O FANTÁSTICO MUNDO DE CHUCK

17.9.03

Coluna do Devaneio

Relatório concluído. Sexta-feira. Perto do fim-do-dia. Entregar o relatório para conferência do chefe. Ele finge que rever. Diz que os dados não batem e pede que eu revise. Eu reviso. Se não encontro erro, invento um. Corrijo o que está certo. Entrego o mesmo documento. “Agora, parece está direito. Na reunião de segunda, nós conferimos com os relatórios dos demais.”

Toda sexta-feira, o mesmo diálogo. A reunião de segunda-feira é o único momento que importa. Todos trazem seus relatórios com erros. O que era para ser conferência, vira verdadeira elaboração. O trabalho de uma semana é feito em uma manhã. Todos saem fazendo pose de que agora tem que se preocupar com a alimentação de dados para o relatório da próxima semana. O departamento finge sua utilidade.

Mando imprimir o relatório. Estou cansado. Deveria sair desse emprego. Não agüento mais digitar dados e mais dados que sempre estão incompletos. Incompletude é o que me atormenta. O que quero? O que preciso?
Acho que deveria ter seguido meu sonho de infância: ser astronauta. Mas estudar para o ITA era muito para minha vida de surfista.

A impressora mexe, mas só o desenho no canto da tela do computador. Ela ainda está recebendo os dados. A secretaria passa ao meu lado. Linda. Mas resolveu se voltar para o mal: tem um caso com o meu chefe. Todo mundo diz isto. Eu ainda sustento que ele é brocha.

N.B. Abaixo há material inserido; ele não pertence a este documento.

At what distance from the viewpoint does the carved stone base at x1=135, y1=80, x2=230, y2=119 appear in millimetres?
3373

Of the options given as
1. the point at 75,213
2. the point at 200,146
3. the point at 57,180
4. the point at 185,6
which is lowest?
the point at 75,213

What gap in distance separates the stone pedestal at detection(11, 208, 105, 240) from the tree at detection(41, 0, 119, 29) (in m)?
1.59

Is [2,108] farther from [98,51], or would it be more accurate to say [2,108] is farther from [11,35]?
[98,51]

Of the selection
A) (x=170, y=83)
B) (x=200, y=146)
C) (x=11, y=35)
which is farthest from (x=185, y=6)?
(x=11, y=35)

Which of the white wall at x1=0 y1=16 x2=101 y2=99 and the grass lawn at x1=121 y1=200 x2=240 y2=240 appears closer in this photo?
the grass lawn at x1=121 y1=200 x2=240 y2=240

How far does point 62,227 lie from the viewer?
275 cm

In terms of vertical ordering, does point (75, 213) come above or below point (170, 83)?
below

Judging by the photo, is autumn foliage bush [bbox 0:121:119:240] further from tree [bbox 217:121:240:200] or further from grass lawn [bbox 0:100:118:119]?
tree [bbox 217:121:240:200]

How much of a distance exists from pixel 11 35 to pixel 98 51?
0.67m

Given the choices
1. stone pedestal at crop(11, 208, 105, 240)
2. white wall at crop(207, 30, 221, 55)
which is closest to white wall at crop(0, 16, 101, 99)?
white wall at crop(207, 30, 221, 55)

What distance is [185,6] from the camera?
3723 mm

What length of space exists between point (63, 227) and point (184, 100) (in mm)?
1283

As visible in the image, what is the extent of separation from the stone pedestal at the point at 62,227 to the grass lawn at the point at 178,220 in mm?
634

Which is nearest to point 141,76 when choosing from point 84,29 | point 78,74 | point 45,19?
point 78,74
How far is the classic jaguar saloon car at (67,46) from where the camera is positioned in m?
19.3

Vou fazer nova faculdade. Estudar e passar para medicina. Quero ser igual ao médico da novela. Fazer uma cirurgia por semana e ficar recebendo massagens de residente gostosa. Só que eu teria que estudar por pelo menos dez anos. Além disso, o Manoel Carlos não escreve o roteiro de minha vida. Se escrevesse, minha irmã seria lésbica e eu descobriria que sou filho de uma inseminação artificial. E o esperma veio de um primo mais novo. Não. Aí já seria coisa da Gloria Peres.

A janela de impressão resolve finalmente aparecer. Nada como um programa que leva cinco minutos para dizer que vai imprimir.

Advogado. Status. Pose. Dinheiro. Mas eu não sei mentir muito bem. Acho que vou embora para o campo. Vida tranqüila. Mulher sobrando. Crio umas vaquinhas. Vendo o leite. Não ganho dinheiro e fujo para a cidade em busca de uma melhor oportunidade.

Ela passa de novo. Esta vindo da sala dele. Fala com sua voz simpática: “O Dr. Almeida está te aguardando para falar sobre os dados do relatório da semana.” Sorrir. Apenas com os lábios. Mas sorrir.

Já sei o que quero: ser o amante da amante do meu chefe.